Description of the task: Once the images are set aside, return every entry exactly.
Provided records section start
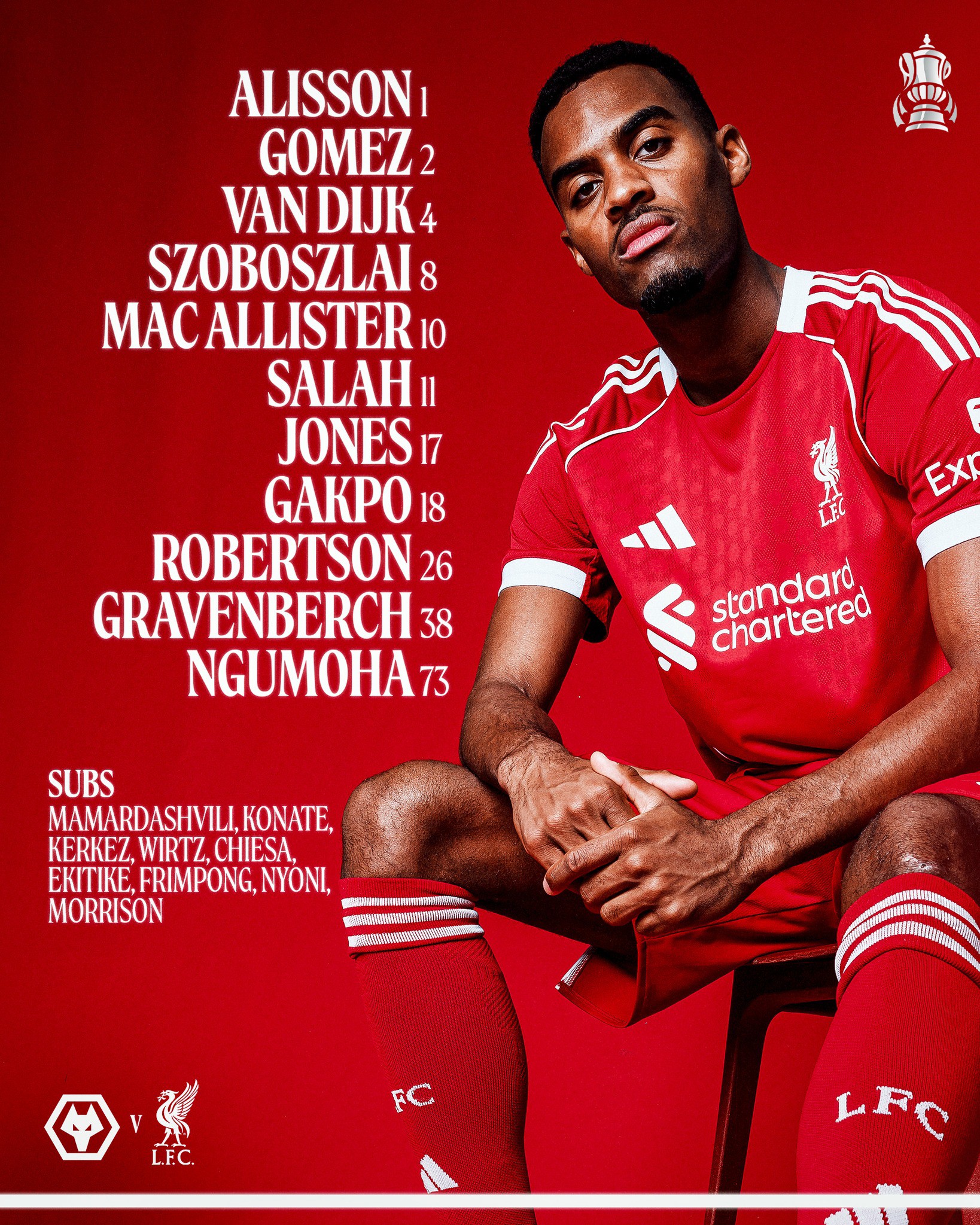 Trực tiếp bóng đá Wolves - Liverpool: Chủ nhà ghi bàn phút bù giờ (Kết thúc) - 2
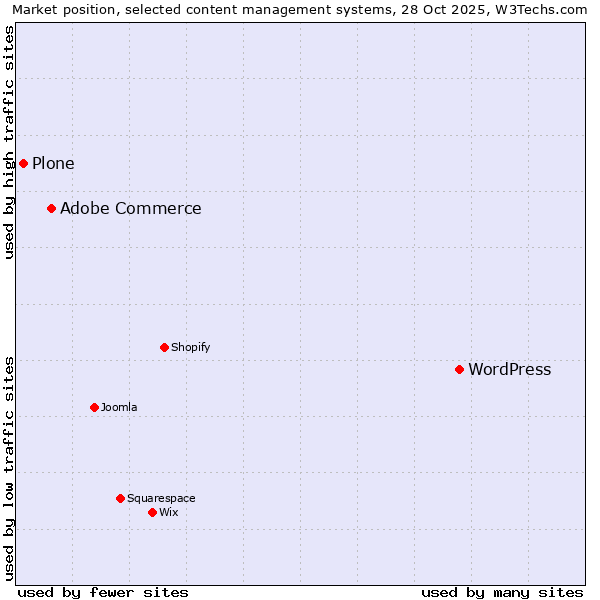 Market position of WordPress vs. Adobe Commerce vs. Plone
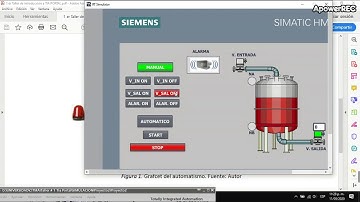 LLenado de tanque  automatico y manual en tia portal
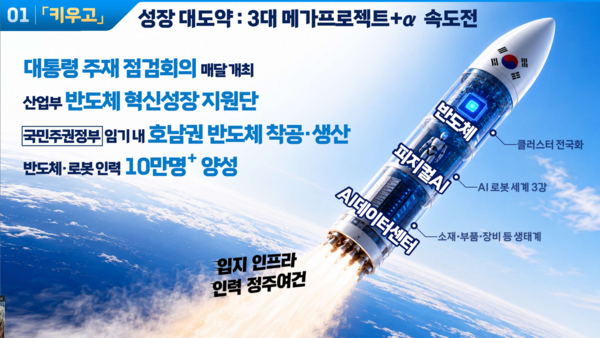 ▲ 산업부는 미래 산업 분야에 1600조원 규모 투자를 추진하며 산업 구조 전환에 나선다. (출처 : 산업부 업무보고 발표자료 발췌.)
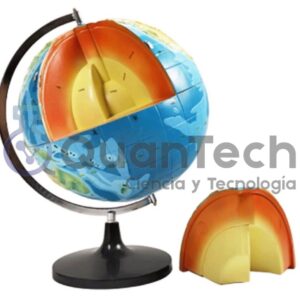 GLOBO TERRAQUEO CON ESTRUCTURA INTERNA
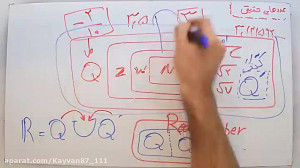 ریاضی 9  فصل 2  بخش 1  معرفی ا...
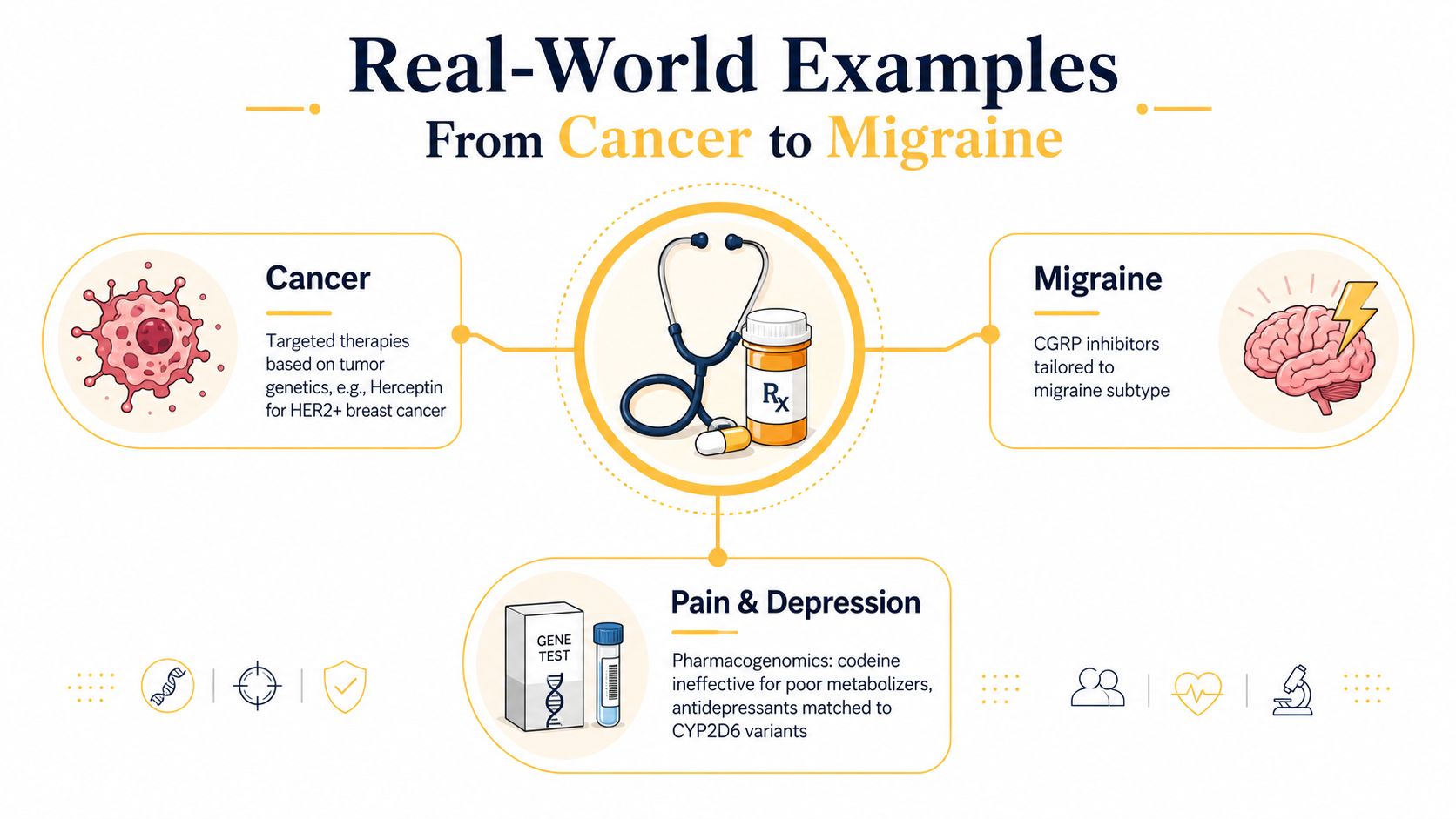 An infographic illustrating real-world examples of personalized medicine including cancer, migraine, pain, and depression treatments.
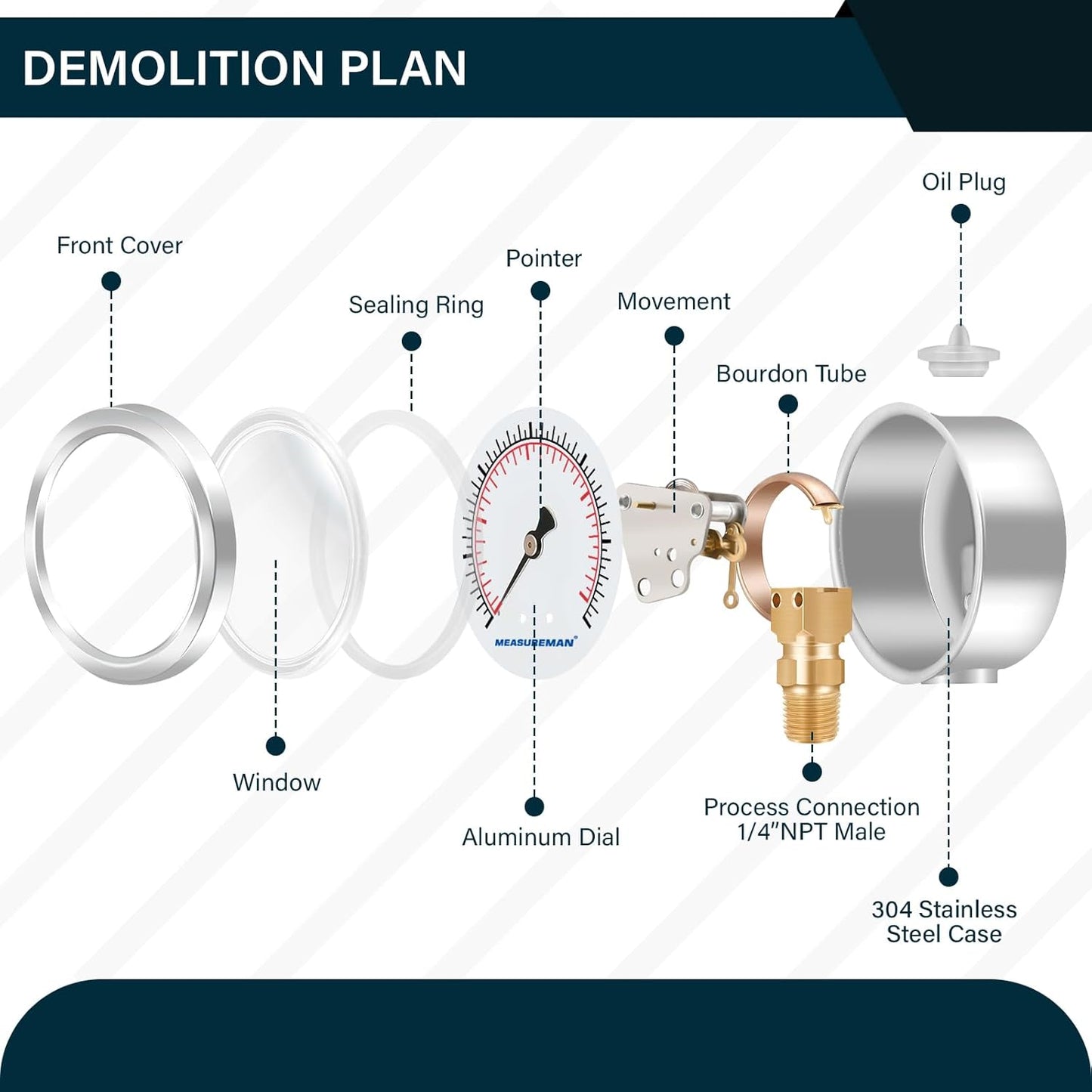 MEASUREMAN 2-1/2inch Dial Size, Oil Filled Pressure Gauge, 0-30psi/kpa, 304 Stainless Steel Case, 1/4 inchNPT Lower Mount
Provided records section end
Task solution:
 Trực tiếp bóng đá Wolves - Liverpool: Chủ nhà ghi bàn phút bù giờ (Kết thúc) - 2
 Market position of WordPress vs. Adobe Commerce vs. Plone
 LLenado de tanque  automatico y manual en tia portal
 ▲ 산업부는 미래 산업 분야에 1600조원 규모 투자를 추진하며 산업 구조 전환에 나선다. (출처 : 산업부 업무보고 발표자료 발췌.)
 GLOBO TERRAQUEO CON ESTRUCTURA INTERNA
 ریاضی 9  فصل 2  بخش 1  معرفی ا...
 An infographic illustrating real-world examples of personalized medicine including cancer, migraine, pain, and depression treatments.
 MEASUREMAN 2-1/2inch Dial Size, Oil Filled Pressure Gauge, 0-30psi/kpa, 304 Stainless Steel Case, 1/4 inchNPT Lower Mount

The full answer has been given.